While Chauntecleer spends his days dealing with a rogue rat that has invaded his coop, and trying to become accustomed to a newcomer, Mundo Cani, a depressed dog that is always crying out in anguish, the reader is shown another country from across the river. This is where the author introduces the evil in the book. For in the land away from Chauntecleer's there lives another rooster named Senex. He is a rather weak ruler, and his barnyard subjects don't think anything of him. What troubles Senex the most is his lack of a son, which he mourns greatly over. One day though, he is spoken to by Wyrm, who communicates to him through dreams. Wyrm instructs Senex to have faith in him, and to wait for him to deliver Senex a son of his own. Senex does exactly what his visions request, and soon he manages to lay an egg, defying the natural order of mating. Eventually the egg hatches, though what appears from it is a horror beyond words.

An evil monster named Cockatrice is born. It is a creature with the head, wings, and legs of a chicken, but a thin, gray, scaly, serpent body. He kills Senex, and claims the kingdom for himself. A sycophantic toad serves as Cockatrice's voice and turns the basilisk eggs for him. He becomes an evil tyrant and begins to rape all of the laying hens under his rule, in order to give birth to an army of wicked basilisks; poisonous snakes that he uses to crush any opposers to his will (Toad is killed with them) and destroy the country.

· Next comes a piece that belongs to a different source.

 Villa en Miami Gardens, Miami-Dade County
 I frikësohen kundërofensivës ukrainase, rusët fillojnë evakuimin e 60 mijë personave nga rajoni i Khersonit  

A few of the animals manage to escape the land, and flee into Chauntecleer's kingdom, where they live happily for a while, trying to forget the nightmares of their past.

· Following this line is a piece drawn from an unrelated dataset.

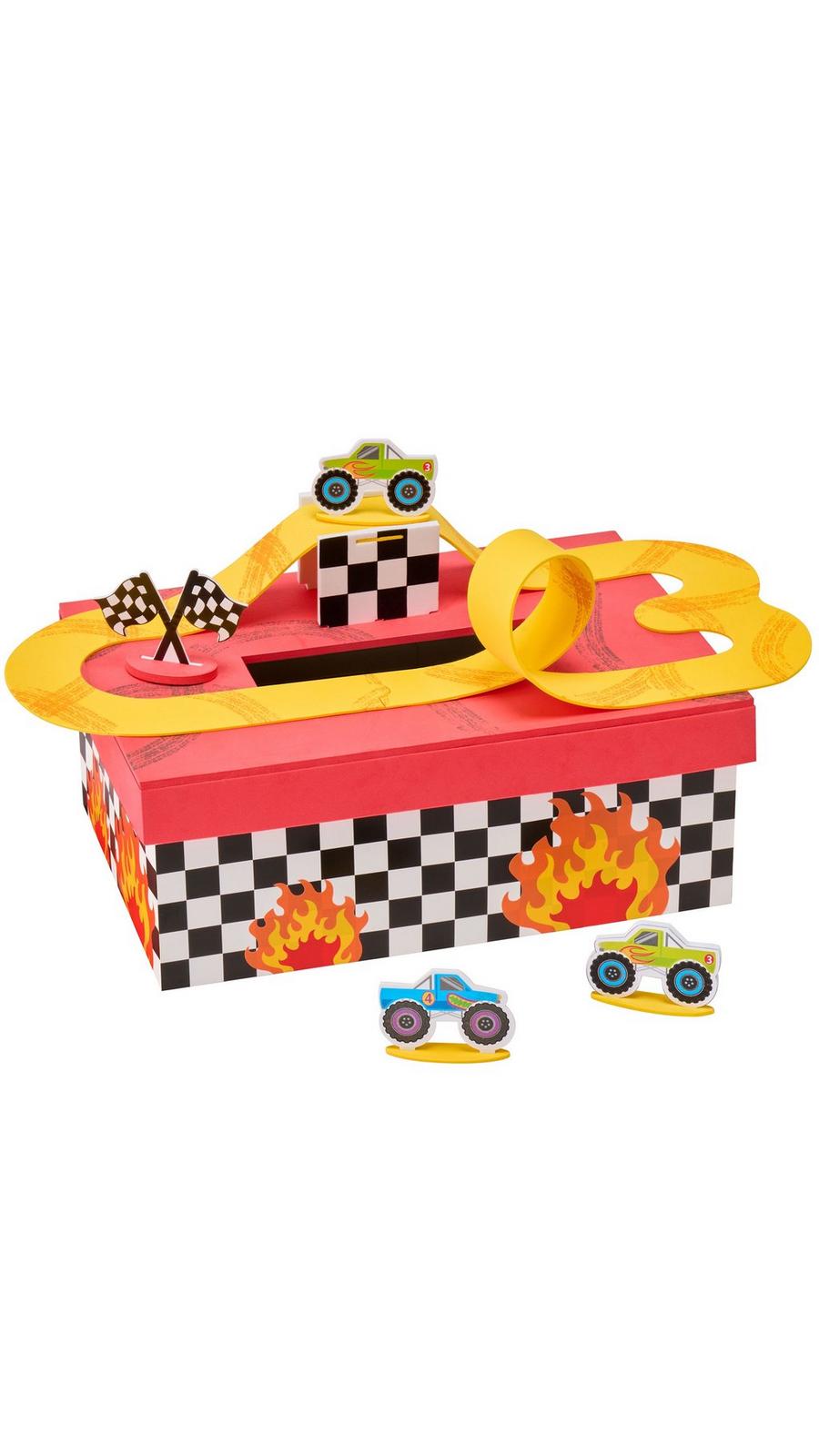 希少！REBECCA コンサートポストカードとパッチセット新品未開封品！ Monster Truck Valentine Box Craft Kit | Hobby Lobby | 5592316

Finally there seems to be peace in the book. There comes a time of spring, when everyone in the land is filled with joy. Chauntecleer has even bred three sons to his name with an escapee from Cockatrice's land, one of his hen victims, Pertelote. Unfortunately he is plagued with terrible prophetic visions all the while. He dreams about the river next to his land, rising up and engulfing everything in an apocalyptic manner. The Dun Cow, one of God's messengers, brings an enigmatic riddle to him about the ways he can defeat the trio of evils: Cockatrice, his basilisk army, and Wyrm himself. During the day he tries to find happiness, but everyone is immediately struck with unbearable sorrow when the rooster's three sons are found lying dead by the river. The same egg-eating rat that Chauntecleer drove away is discovered dying, holding part of a venomous serpent (a basilisk) in his mouth.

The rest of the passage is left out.